7.3.3.3.1 Computing \(\mathcal{f}\) from data
This section describes the algorithm from (Zheng and Kleinberg 2017) for estimating \(\mathcal{f}\) from a time-series dataset.
Algorithm 1: compute_\(f(V, T, H, l_{max}, D)\)
Input:
- \(V\), a set of variables
- \(T\), length of the time series
- \(H\), a set of all causal relationships between \(v \in V\)
- \(l_{max}\), the maximum time lag to test
- \(D\), a \(V \times T\) matrix, stores value of each variable at each time step
Output:
- \(F\), a list with a function \(\mathcal{f}\) for each relationship in \(H\)
Procedure:
- for each causal relationship \(h\in H\) for which \(c \leadsto {}^{\geq r, \leq s}_{\geq p} e\), do
- Calculate \(\epsilon_{avg}\) for each lag \(l \in [1, lmax]\) using \(D\)
- Normalize \(\epsilon_{avg}\) by dividing by its maximum value
- Delete outliers where \(\epsilon_{avg} < 0\)
- \(\mathcal{f}(c_{t^{\prime}}, e_t, r, s)=1\) when \((t - t^{\prime}) \in [r, s]\)
- \(\mathcal{f}(c_{t^{\prime}}, e_t, r, s)\) for \((t - t^{\prime}) \in [1, r) \bigcup (s, lmax]\) is fit to \(\epsilon_{avg}\) with nonlinear least squares. Then add \(\mathcal{f}\) to \(F\).
- return \(F\)
Two explanatory notes:
- The time lag mentioned above is the time difference between a potential cause and the effect. Recall that each causal relationship being considered has a time window \([r, s]\) where any time difference in the window is allowed. Each interval that is in the window is a time lag.
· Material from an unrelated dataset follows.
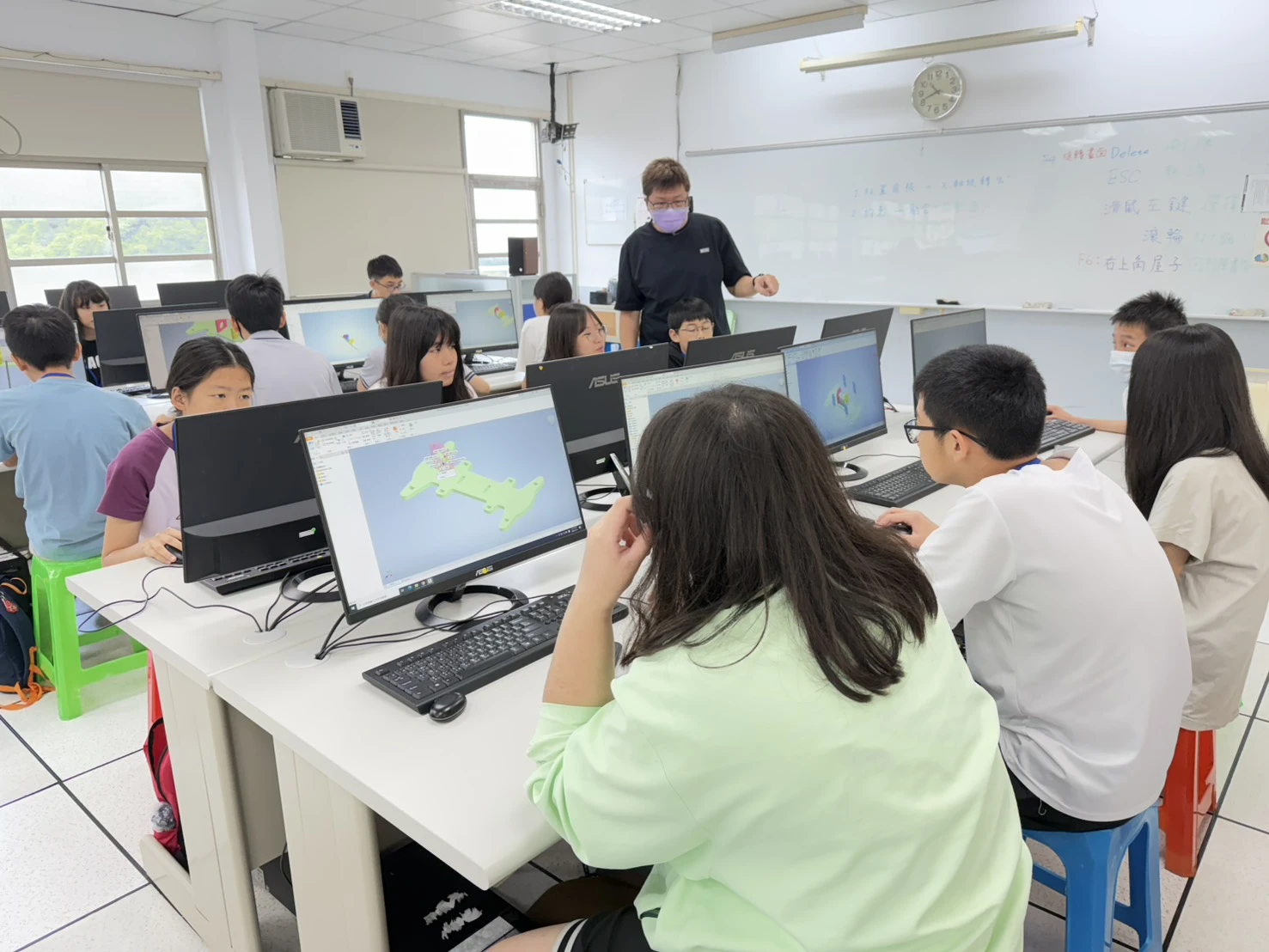 二信高中國中生涯發展教育暨技職試探營隊開跑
- The matrix \(D\) is a matrix representation of the time series, where each row represents a variable in \(\mathcal V\) and each column represents one time step in the time series.
Algorithm 1 gives us \(\mathcal{f}\) and \(\epsilon_{avg}\), which are two of the three things we need to compute the token significance, \(S(c_{t^{\prime}}, e_t)\). The remaining quantity is \(P(c\vert\mathcal{V})\), the probability of token cause \(c_{t^{\prime}}\), given \(\mathcal{V}\). That can be counted from the dataset.
7.3.3.4 Finding Token-level Causal Explanations
This section describes a method for identifying and removing known causes from the set of events to be explained. Then, the remaining events are tested to see if any variables can explain them. The set of events that cannot be explained by the known causes is the residual set, and the causes of these events are to be found without removing any potential causes of other events. Variables that are not in their initial state or have recently changed state are considered as possible causes.
Algorithm 2: find-novel-causes
\((V, T, D, k, m, lmax, E)\)
Input:
- \(V\), a set of variables
- \(T\), length of the time series
- \(D\), a \(V \times T\) matrix, stores value of each variable at each time step
- \(k\), number of explanations to select (for top-\(k\))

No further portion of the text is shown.